- [WORK TASK]
Write back every entry exactly as it reads, with the pictures left behind.

Scraped caption text data:
>>>>>

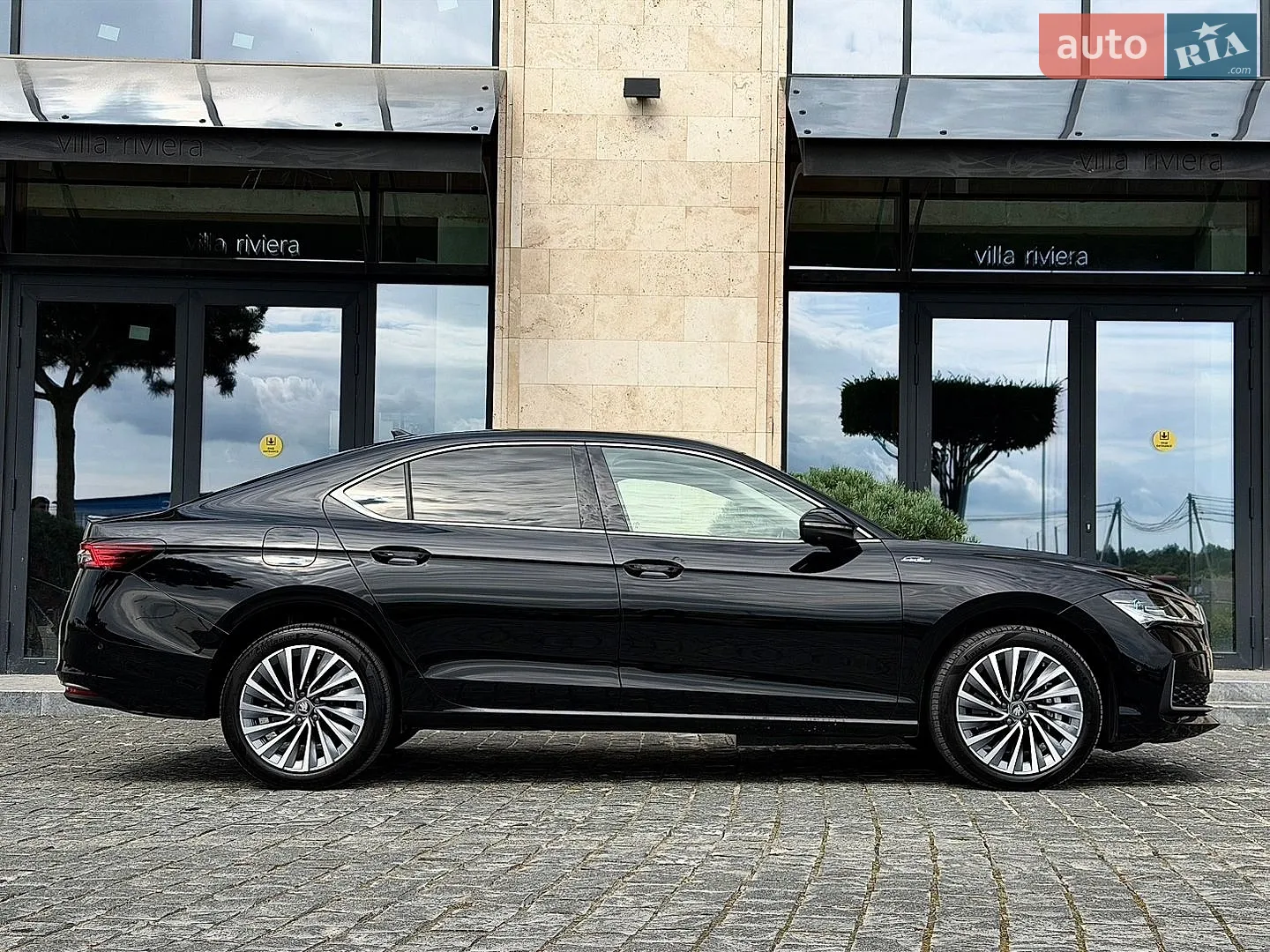 2025 Skoda Superb - мініатюра 27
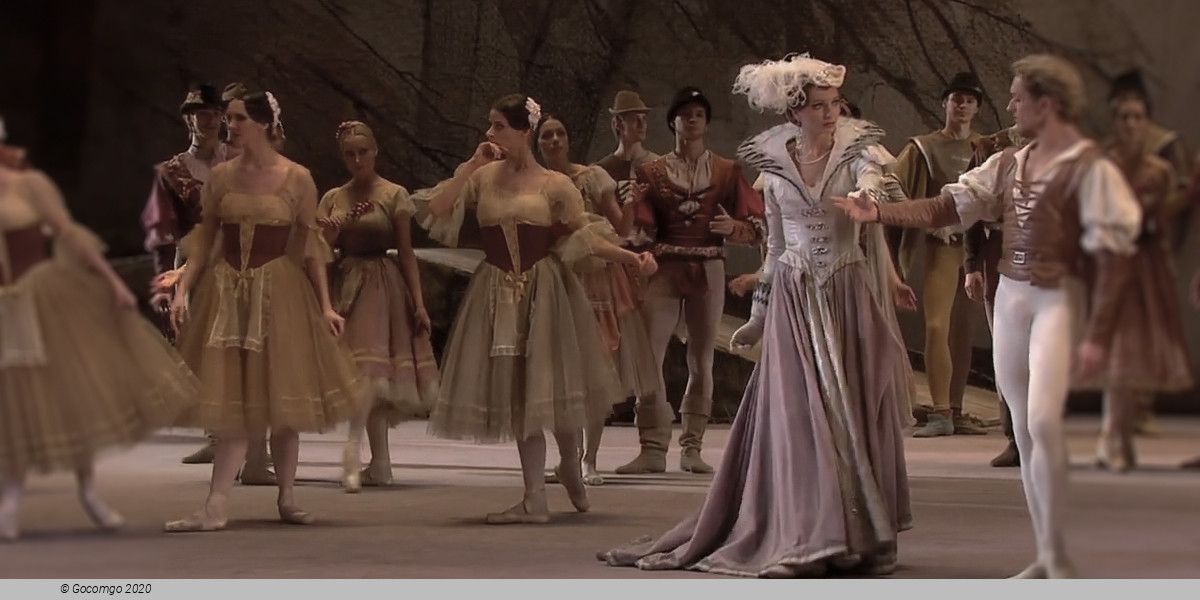 Giselle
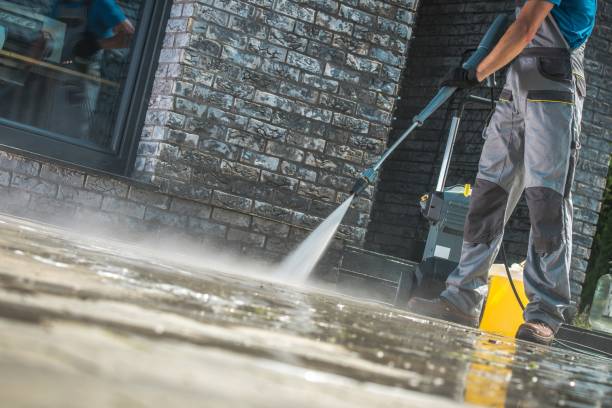 Best Building Exterior Washing  in Washington, NJ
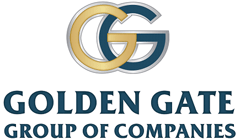 Golden Gate Logo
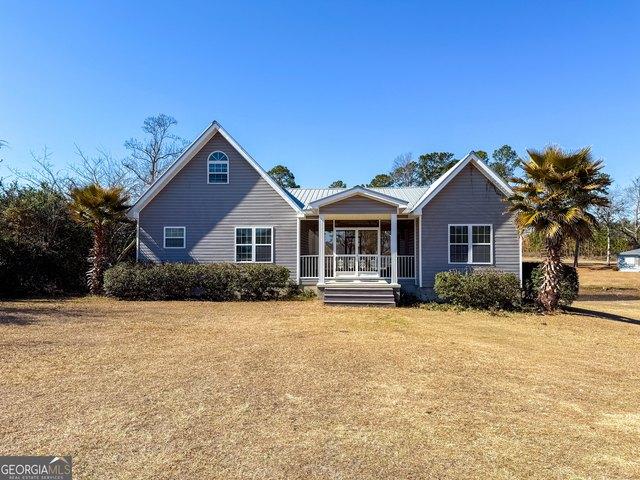 House for sale in Baxley, Georgia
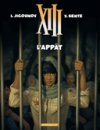 XIII T21 – Par I. Jigounov & Y. Sente – Dargaud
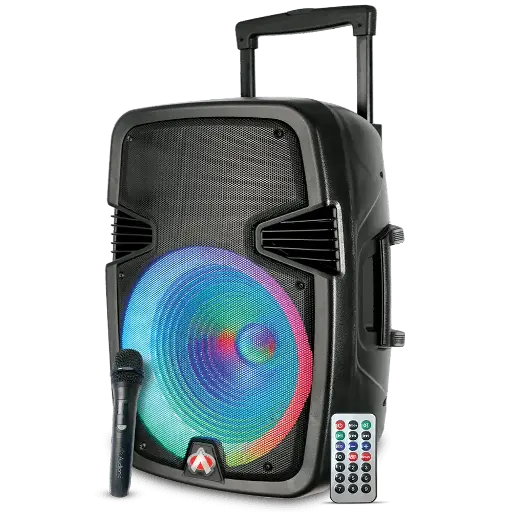 🔊Audionic Mehfil MH-735 Bluetooth Speaker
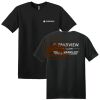 Parkview - Wholesale Veteran Softstyle ® T Shirt Thumbnail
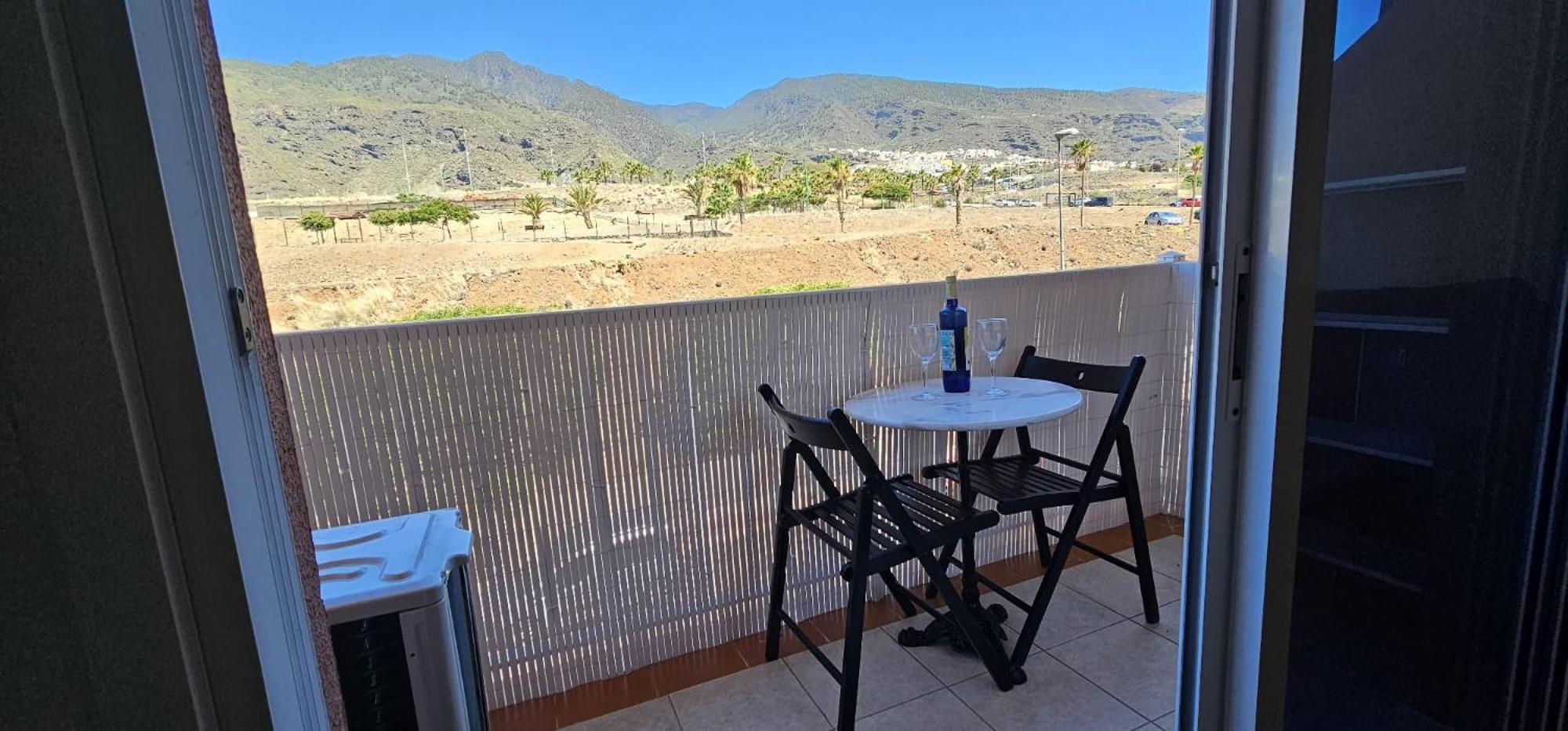 Princesa Arminda Apartment Candelaria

<<<<<

- [OUTPUT OF THE TASK]
 2025 Skoda Superb - мініатюра 27
 Giselle
 Best Building Exterior Washing  in Washington, NJ
 Golden Gate Logo
 House for sale in Baxley, Georgia
 XIII T21 – Par I. Jigounov & Y. Sente – Dargaud
 🔊Audionic Mehfil MH-735 Bluetooth Speaker
 Parkview - Wholesale Veteran Softstyle ® T Shirt Thumbnail
 Princesa Arminda Apartment Candelaria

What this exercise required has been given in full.